Through the analysis process of the 66 indicators, 13 were discarded for being redundant, resulting in 53 final indicators to conduct an exploratory factorial analysis with Promax rotation, which weighted the units of realism based on the variability expressed. It allowed for the synthesizing of the contribution of each component of realism and the calculation of it by dimensions or globally, taking global realism to mean the overall verisimilitude achieved through the realism of the simulated participant, of the scenography, and of the simulator. Finally, experts have simplified the wording of indicators to facilitate reading and interpretation, seeking to reduce fatigue of the evaluator and the tendency to apply the same rating to several indicators.
To calculate global realism through ProRealSim v.1.0, the following weights apply for each dimension:
  • 50% Simulated Participant—prevalent weight based on the relevance shown in the results of the study and supported by the literature that endorses the importance of the simulated participant to create atmospheres of almost absolute realism [4,20,21,22].
  • 20% Simulator—less impactful weight due to the numerous reviewed studies that suggest that the simulator has the least impact on realism, due to the great variety of typologies and challenge in reproducing all aspects of the real patient. Some systematic reviews suggest that the efficacy of the simulation depends more on the training level of the students than on the realism of the simulator [22,23,24].
  • 30% Scenography—remaining percentage, but with significant weight, considering the relevance facilities and material elements have when composing ambiance to facilitate immersion of those participating in the scenario [25].

3. Results

Figure 1 shows the categorization of the 53 indicators subject to the statistical analysis, organizing those among dimensions, units, and systematic variables.

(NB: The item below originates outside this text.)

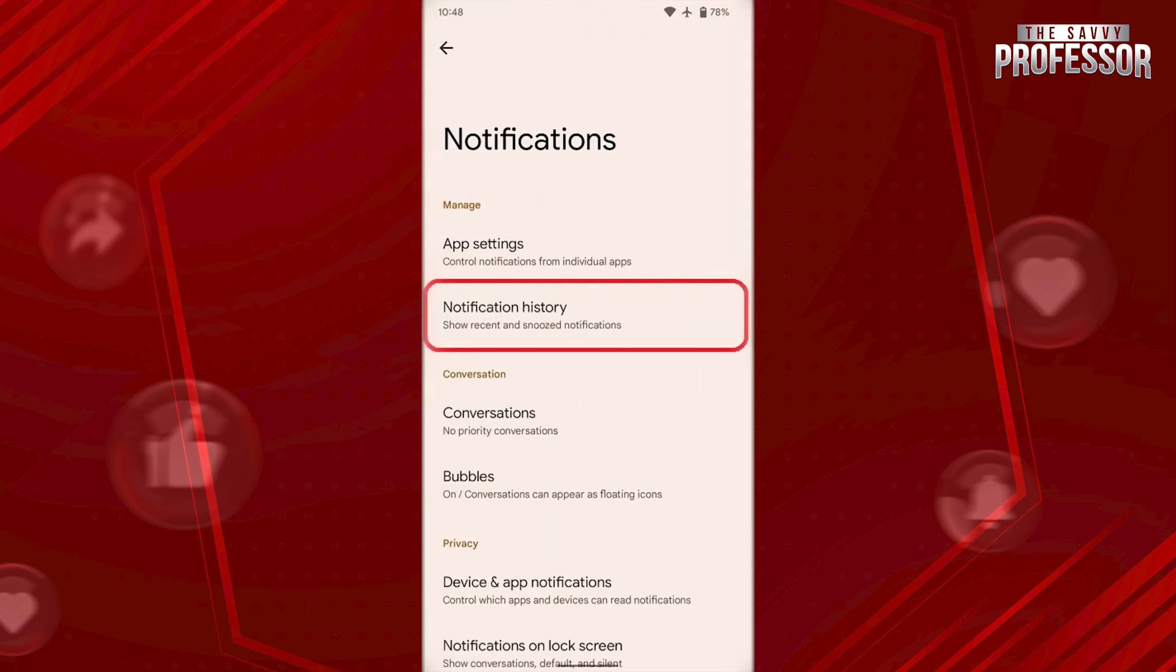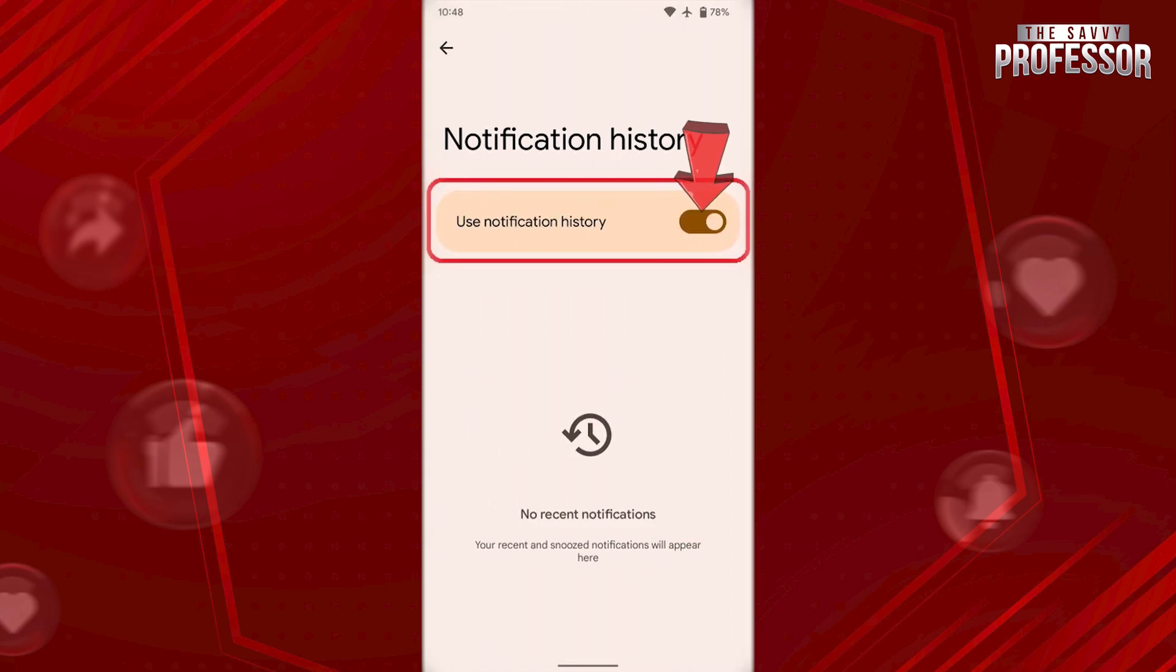Now go to Notification History here and enable this. From now on, you will be able to see all the notifications you receive right on this page. That's it.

To confirm statistical validity of the study and sample heterogeneity, no discrimination was made between experts or non-experts. Table 2 presents the means and respective ranges of appraisers’ assessment derived from the 32 data points and 53 indicators, resulting in a p-value significant in all cases (p < 0.05).
The intra-observer agreement was measured using Cronbach’s Alpha and Guttman’s Lambda 6 (G6), which provide a number between zero (0) and one (1), where one (1) denotes perfect agreement. Results are presented in Table 3 and confirm high internal consistency (≥0.969) for the assessments conducted by the same appraiser. This strengthens the reliability of the instrument within this context, with an index very close to perfect correlation, according to George and Mallery [26].

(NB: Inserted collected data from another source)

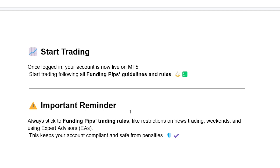Important reminder: always stick to Funding Pips trading rules, like restrictions on news trading, weekends, and using Expert Advisors or EAs. This keeps your account compliant and safe from penalties.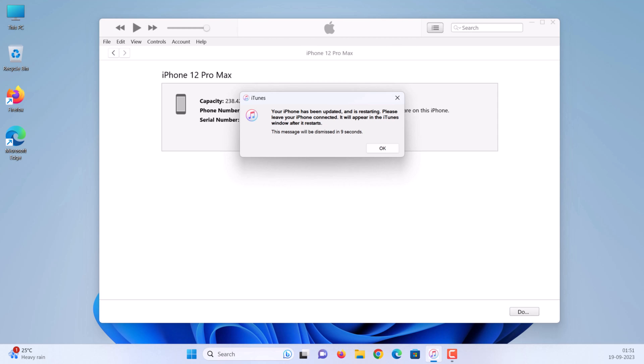Your iPhone has been updated and is restarting. Please leave your iPhone connected. It will appear in the iTunes after it restarts.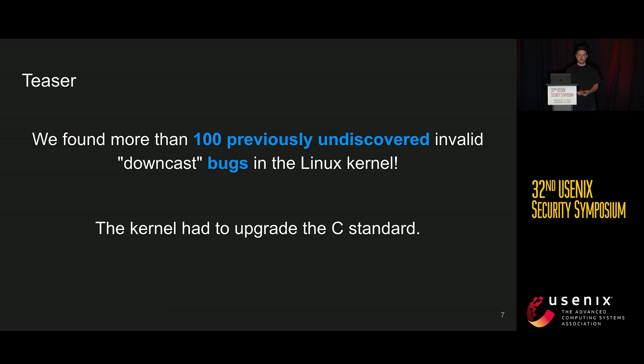Quick teaser: we found a hundred previously undiscovered invalid downcast bugs in the Linux kernel, and due to that the kernel had to upgrade their C standard.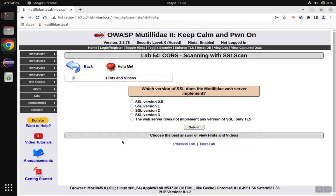For Lab 54, we need to know what version of SSL or TLS Matilda Day implements. For that, we'll just use sslscan.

The inter-observer agreement was measured using the Intraclass Correlation Coefficient (ICC), which provides a number between zero (0) and one (1), where one (1) denotes perfect agreement. The index used was ICC2k. Table 4 presents the global agreement and agreement between evaluators. Results show that agreement and reliability was good for the simulator realism test, but poor for the simulated participant and the scenography, which showed greater dispersion.

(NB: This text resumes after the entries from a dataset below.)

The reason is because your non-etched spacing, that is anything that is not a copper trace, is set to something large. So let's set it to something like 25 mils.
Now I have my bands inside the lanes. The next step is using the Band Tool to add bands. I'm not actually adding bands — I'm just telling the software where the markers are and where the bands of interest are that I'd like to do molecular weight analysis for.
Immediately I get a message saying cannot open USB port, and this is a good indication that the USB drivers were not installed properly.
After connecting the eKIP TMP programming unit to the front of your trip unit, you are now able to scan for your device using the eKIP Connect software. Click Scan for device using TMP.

To further analyze the inter-observer agreement, the correlation of the assessments between different observers was measured. Correlation is an indicator of the degree of linear association between two measurements that range from minus one (−1) to plus one (+1), zero (0) representing a lack of linear association.
The following figures intend to provide a visual representation of the inter-observer agreement and correlation between aspects being assessed. The ascending diagonal marks perfect correlation (+1), guiding the color code applied to the result matrix and facilitating its interpretation. The predominance of blue denotes a strong and positive correlation, versus red and white, which denote negative or inexistent correlations, respectively.
Figure 2 presents the correlation between the 24 indicators that characterize the dimension of Simulated Participant. A strong correlation may be observed for conceptual and emotional characterization, in addition to improvisation, confirmed by the concentration of the blue color and denoting highly consistent evaluations in those areas. Correlation for simulated participants´ phenotype indicators is more disperse, marked by light blue color lines and columns, denoting low consistency between evaluations when assessing physical characteristics.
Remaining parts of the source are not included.